Mówisz, że usta są bramą ciała i jeśli ktoś ją forsuje, gdy jesteśmy dziećmi, np. zmuszając nas do jedzenia, czujemy się jak zgwałceni. Tracimy zaufanie do innych oraz szacunek do siebie. A co z naszymi ustami, kiedy już jesteśmy dorośli?
To ważne ostrzeżenie: można dokonać gwałtu na ustach. Zmuszamy dzieci do wielu potrzebnych i niepotrzebnych rzeczy, np. do nauki, do posłuszeństwa, do mycia zębów. Ale w trakcie tych wychowawczych zabiegów musimy szczególnie uważać, by nie naruszać naturalnej granicy dziecięcej suwerenności, jaką stanowią skóra i zwieracze broniące dostępu do wnętrza organizmu. Dzieje się tak na przykład wtedy, gdy za najważniejsze uznajemy, by dzieci jadły określone pokarmy w określonych godzinach. Gdy nie chcą, nie szukamy przyczyny. Łatwiej wymusić posłuszeństwo. Nie myślimy wtedy o psychologicznych konsekwencjach, a przecież i dla dorosłego dotknięcie ust bez pozwolenia jest naruszeniem granic. Nie róbmy więc dzieciom tego, czego nie chcielibyśmy, aby nam czyniono.

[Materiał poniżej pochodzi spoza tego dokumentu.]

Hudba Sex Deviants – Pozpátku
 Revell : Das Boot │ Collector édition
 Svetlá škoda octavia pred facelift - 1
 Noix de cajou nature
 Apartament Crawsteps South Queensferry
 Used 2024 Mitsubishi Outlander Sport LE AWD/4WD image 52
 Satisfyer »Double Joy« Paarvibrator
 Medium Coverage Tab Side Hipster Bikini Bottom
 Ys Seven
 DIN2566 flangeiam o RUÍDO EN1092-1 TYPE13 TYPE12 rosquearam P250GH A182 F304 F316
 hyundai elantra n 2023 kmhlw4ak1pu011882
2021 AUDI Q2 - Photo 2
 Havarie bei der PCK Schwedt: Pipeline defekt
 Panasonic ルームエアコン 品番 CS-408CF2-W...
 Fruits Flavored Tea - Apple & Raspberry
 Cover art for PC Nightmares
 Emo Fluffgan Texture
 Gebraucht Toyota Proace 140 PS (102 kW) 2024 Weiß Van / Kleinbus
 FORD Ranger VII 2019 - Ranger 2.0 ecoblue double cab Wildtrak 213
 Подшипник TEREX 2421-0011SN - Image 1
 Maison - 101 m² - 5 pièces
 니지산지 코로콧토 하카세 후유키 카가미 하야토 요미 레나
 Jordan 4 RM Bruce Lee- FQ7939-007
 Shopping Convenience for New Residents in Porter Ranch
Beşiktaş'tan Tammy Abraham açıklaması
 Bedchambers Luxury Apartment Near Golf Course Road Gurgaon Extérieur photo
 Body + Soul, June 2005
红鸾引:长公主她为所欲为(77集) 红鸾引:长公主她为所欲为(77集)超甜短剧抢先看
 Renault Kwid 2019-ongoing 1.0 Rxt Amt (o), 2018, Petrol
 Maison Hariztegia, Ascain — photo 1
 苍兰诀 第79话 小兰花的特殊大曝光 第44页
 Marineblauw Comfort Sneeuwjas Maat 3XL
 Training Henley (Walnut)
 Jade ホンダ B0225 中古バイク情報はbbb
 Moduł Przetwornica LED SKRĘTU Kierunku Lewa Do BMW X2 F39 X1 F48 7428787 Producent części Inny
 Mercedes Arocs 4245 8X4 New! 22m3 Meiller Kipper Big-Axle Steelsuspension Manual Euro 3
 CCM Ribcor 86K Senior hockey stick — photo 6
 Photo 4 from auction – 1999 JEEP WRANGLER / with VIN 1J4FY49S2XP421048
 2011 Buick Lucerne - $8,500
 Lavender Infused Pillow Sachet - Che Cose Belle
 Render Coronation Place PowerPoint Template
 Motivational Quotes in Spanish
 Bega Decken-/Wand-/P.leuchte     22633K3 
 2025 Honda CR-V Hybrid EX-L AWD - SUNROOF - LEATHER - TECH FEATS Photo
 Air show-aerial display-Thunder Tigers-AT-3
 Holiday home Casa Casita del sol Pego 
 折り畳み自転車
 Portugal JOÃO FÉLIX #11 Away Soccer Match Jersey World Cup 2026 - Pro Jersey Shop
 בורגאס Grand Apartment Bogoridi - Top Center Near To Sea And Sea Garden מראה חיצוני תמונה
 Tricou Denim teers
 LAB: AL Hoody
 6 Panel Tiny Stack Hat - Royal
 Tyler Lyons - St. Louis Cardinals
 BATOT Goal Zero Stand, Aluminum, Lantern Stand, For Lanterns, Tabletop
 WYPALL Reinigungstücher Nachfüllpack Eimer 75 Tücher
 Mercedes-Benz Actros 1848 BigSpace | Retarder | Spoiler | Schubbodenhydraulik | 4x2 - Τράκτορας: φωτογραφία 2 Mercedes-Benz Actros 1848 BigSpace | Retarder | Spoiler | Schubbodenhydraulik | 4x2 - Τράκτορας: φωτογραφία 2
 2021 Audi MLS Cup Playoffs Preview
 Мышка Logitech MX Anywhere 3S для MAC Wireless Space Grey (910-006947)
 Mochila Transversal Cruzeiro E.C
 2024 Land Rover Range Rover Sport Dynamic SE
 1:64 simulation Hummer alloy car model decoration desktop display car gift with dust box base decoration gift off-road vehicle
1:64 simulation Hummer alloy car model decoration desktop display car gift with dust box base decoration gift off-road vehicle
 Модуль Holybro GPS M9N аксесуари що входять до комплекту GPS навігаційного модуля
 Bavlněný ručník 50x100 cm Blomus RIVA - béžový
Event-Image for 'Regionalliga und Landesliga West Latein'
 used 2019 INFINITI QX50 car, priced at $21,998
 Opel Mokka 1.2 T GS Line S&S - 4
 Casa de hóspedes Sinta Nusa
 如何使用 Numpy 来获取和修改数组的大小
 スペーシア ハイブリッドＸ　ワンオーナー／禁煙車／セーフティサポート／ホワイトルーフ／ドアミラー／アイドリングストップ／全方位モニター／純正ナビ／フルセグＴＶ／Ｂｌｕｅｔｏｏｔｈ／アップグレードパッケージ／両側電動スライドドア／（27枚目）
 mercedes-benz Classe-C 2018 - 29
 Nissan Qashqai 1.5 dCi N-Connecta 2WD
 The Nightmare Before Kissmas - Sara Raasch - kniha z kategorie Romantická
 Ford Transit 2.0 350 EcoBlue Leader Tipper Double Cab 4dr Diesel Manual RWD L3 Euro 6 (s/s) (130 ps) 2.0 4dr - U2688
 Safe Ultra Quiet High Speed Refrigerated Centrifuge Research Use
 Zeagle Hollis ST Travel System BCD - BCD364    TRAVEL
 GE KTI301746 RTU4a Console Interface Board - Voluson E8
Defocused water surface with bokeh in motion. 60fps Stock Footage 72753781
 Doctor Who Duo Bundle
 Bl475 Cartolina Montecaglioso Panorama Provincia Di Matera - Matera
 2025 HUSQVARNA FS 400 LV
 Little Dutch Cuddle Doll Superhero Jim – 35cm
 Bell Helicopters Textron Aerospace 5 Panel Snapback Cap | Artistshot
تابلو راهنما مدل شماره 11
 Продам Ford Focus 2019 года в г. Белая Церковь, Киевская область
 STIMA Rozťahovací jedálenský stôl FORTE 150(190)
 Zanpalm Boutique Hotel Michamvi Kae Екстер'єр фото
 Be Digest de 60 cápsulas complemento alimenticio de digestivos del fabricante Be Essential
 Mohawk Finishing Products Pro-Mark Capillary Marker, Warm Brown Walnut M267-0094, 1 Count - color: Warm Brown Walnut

Kierując się tą prostą zasadą, unikniemy błędów w postępowaniu z dziećmi, które mogą negatywnie wpłynąć na ich relacje z innymi w dorosłym życiu.
Wciąż pokutuje przekonanie, że dzieci zapominają o tym, co działo się, gdy były małe. A połączenie tego, jak traktowaliśmy je, z tym, jakimi będą ludźmi, to już wiedza tajemna.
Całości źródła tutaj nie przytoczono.